4.1 – O “Caminho Velho”

Quem demandava de São Paulo até o Rio de Janeiro, a partir do século XVIII, tinha de percorrer um longo e perigoso caminho, que incluía um trecho marítimo e a possibilidade de ser vítima de piratas.

De São Paulo de Piratininga, seguia-se num caminho que correspondia a uma antiga trilha indígena que, com o tempo, tornou-se de franco acesso, adentrando ao longo do Vale do Paraíba paulista. Ao atingir a localidade de Hepacaré ou Guaypacaré (Lorena), o caminho bifurcava: um ramo seguia em direção à Serra da Mantiqueira, passando pela garganta do Embaú, em direção às Minas Gerais; o outro ramo, conhecido como o ‘Caminho dos Guaianás’, subia o planalto do Facão (Itambé), passando pela antiga Freguesia do Falcão, que mais tarde deu origem à cidade de Cunha.

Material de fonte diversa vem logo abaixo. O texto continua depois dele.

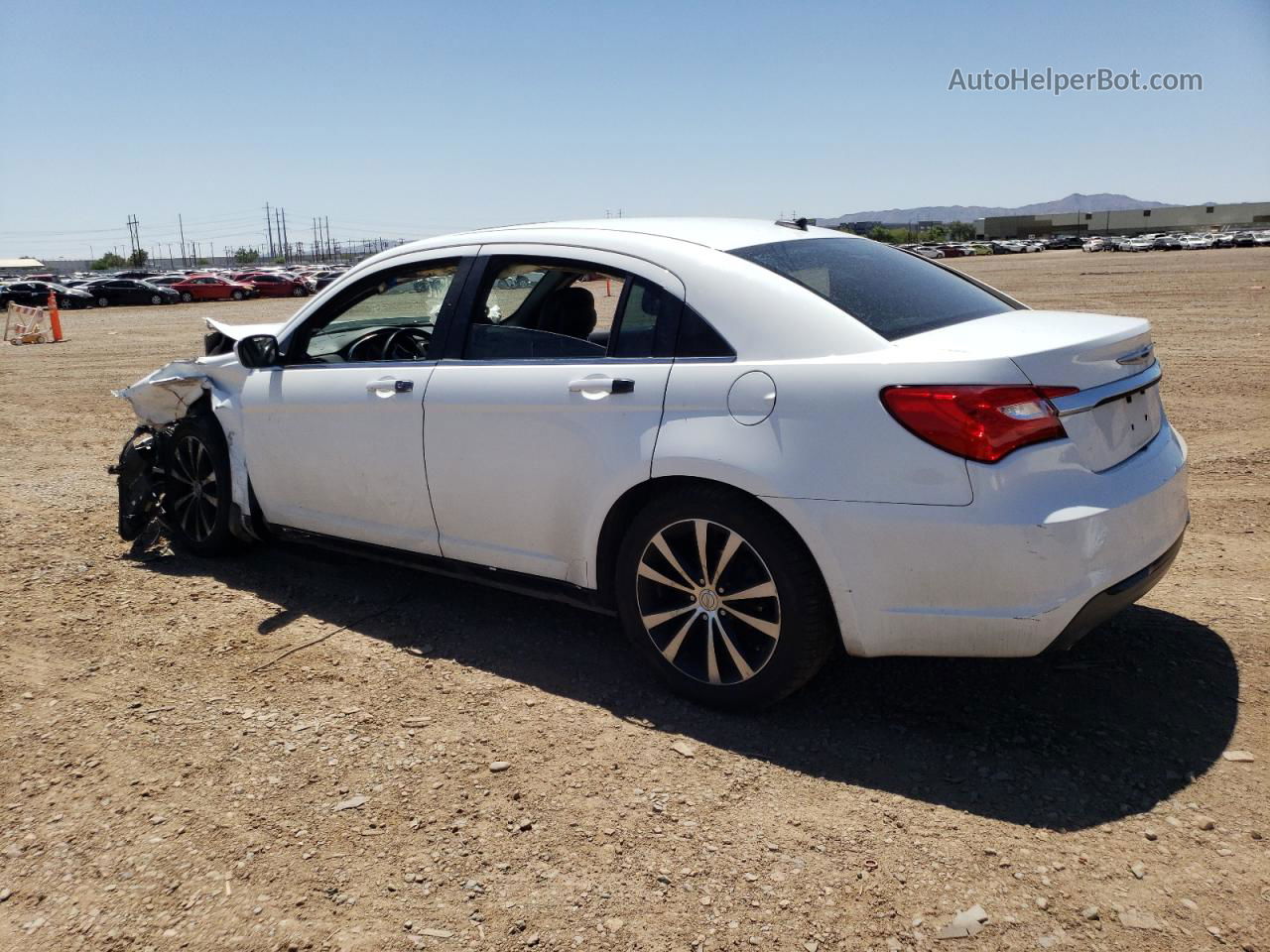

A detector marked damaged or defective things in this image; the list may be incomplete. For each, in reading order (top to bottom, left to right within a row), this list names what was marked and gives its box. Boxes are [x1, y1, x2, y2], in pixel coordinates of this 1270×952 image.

exposed front wheel [162, 414, 237, 555]
damaged white car [111, 218, 1189, 710]
exposed front wheel [617, 487, 842, 710]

A partir deste núcleo de povoamento, parada obrigatória dos viajantes e tropas de muares, subia-se ou descia-se a Serra do Mar, em direção ao porto de Parati, na cidade que existia desde 1667, fundada por Martin Corrêa Vasques Anes. De Parati seguia-se de barco até o Rio de Janeiro, com os devidos cuidados na travessia da Baía da Ilha Grande, infestada de piratas que atacavam as embarcações do governo, que transportavam os quintos de ouro vindos das Minas Gerais.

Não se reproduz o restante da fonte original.